Imaginary Visions of Nature
Tunnel

Alexander Calder, Tunnel

For many Surrealists, and especially Max Ernst, nature was an irrational profusion of forms in continual metamorphosis. Similar to his painted visions-at once lyrical and ominous-are Calder's watercolor and ink drawings with their embedded biomorphic shapes.

In 1959, Marcel Duchamp likened Calder's art to "the sublimation of a tree in the wind." Calder expressed his vision of the natural world by introducing the element of movement into art through mobiles and stabiles. Most notably, he created mobiles that ascend. At once monumental and delicate, they hover just above the floor while mimicking the growth of organic forms.
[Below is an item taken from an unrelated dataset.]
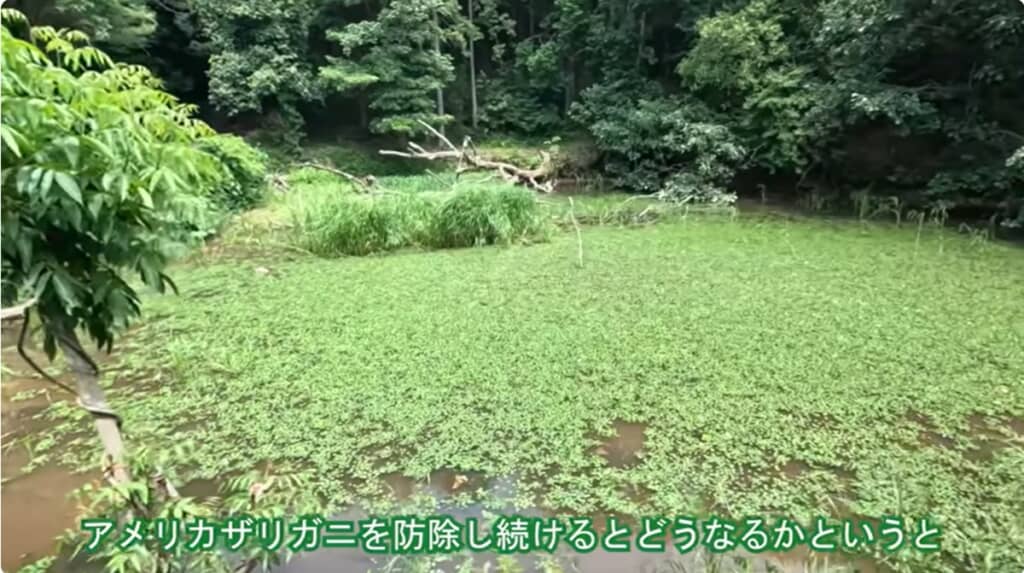 300日たった池がこちら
Standing mobiles like Un effet du japonais (1940), resting on pedestals or platforms with their unfolding metal fronds, tremble ever so slightly in response to wind currents or vibrations. As the Surreal Calder himself proclaimed, "The aesthetic value of these objects cannot be arrived at by reasoning."
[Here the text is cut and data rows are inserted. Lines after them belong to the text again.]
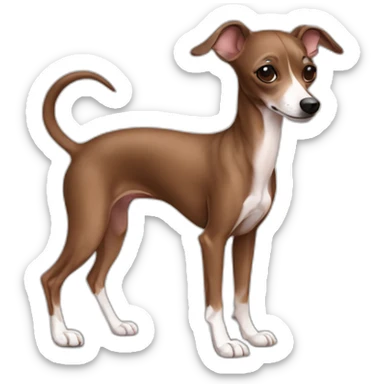 full body all brown italian greyhound chihuahua sticker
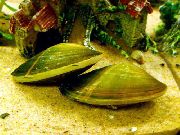 verde mollusco D'acqua Dolce Vongole (Corbicula fluminea) foto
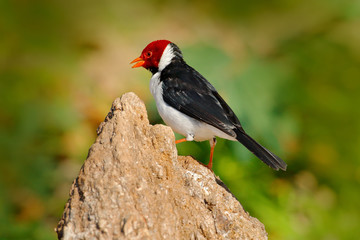 Yellow-billed Cardinal, Paroaria capitata, black and white song bird with red head, sitting on the tree trunk, in the nature habitat, Pantanal, Brazil. Travelling in South America. Wildlife Brazil.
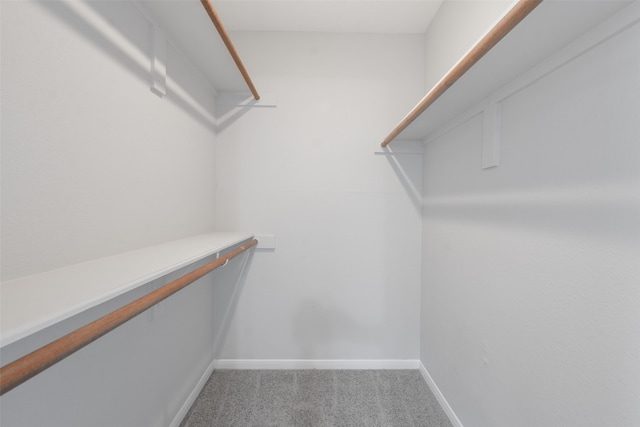 spacious closet featuring carpet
André Breton and Marcel Duchamp organized the last Surrealist exhibition in 1947, although Calder's affiliation with the Surrealists would continue for several decades. One of the last works in this exhibition is the suspended, biomorphic Untitled of 1945. To paraphrase his good friend Duchamp, what Calder brought to both Surrealist sculpture, in particular, and modern sensibility, in general, with such unpredictable mid-air arabesques was the lasting surprise of movement, the enchantment with something that is forever new and forever lyrical.